Use Pub/Sub Seek with Dataflow

Pub/Sub Seek lets users replay and reprocess previously acknowledged messages or to acknowledge messages in bulk. However, we do not recommend direct access to Pub/Sub Seek from within a running Dataflow pipeline. Direct access invalidates Dataflow's watermark logic and does not work well with exactly-once processing. In addition, direct access conflicts with the state of a pipeline that incorporates processed data.
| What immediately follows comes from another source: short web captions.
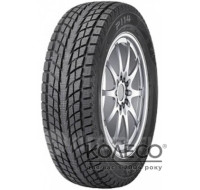 Легковые шины Presa PI14 215/65 R16 98R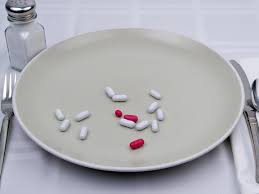 2,000 calories a day is used for general nutrition . Calories In 14 Grams Of Good Plenty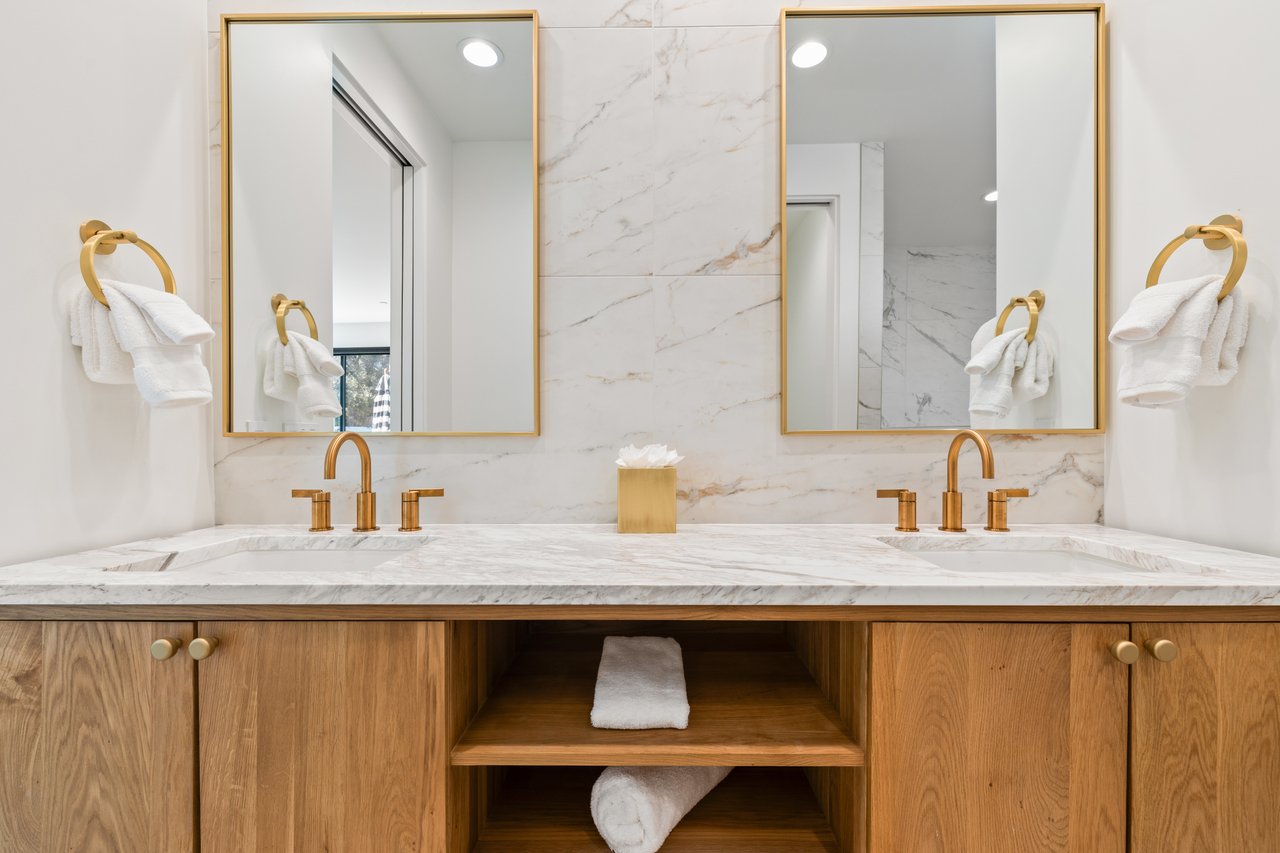 80933 Kiwi Court - Villa 14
We recommend using Pub/Sub Seek with the following workflow:

  1. Make a snapshot of the subscription.
  2. Drain the subscription messages in Dataflow.
  3. Resubmit the pipeline.

Creating a snapshot

You seek to and redo processing from a subscription snapshot. To create this snapshot using the gcloud command-line tool, run the following commands:

alias pubsub='gcloud pubsub'
pubsub snapshots create my-snapshot --subscription=seek-demo-sub

To verify that you have created the snapshot, run the command:

pubsub snapshots list

Draining the subscription

To drain the subscription and resubmit the pipeline, follow these steps:

  1. Navigate to the Dataflow console and click your streaming pipeline.
  2. In the Summary pane, click Stop Job.
  3. Select Drain to allow for processing of the in-flight messages and wait until the job is terminated.
  4. Seek your subscription to the snapshot with the gcloud command-line tool:
    pubsub subscriptions seek seek-demo-sub --snapshot=my-snapshot
  5. Resubmit your Dataflow pipeline.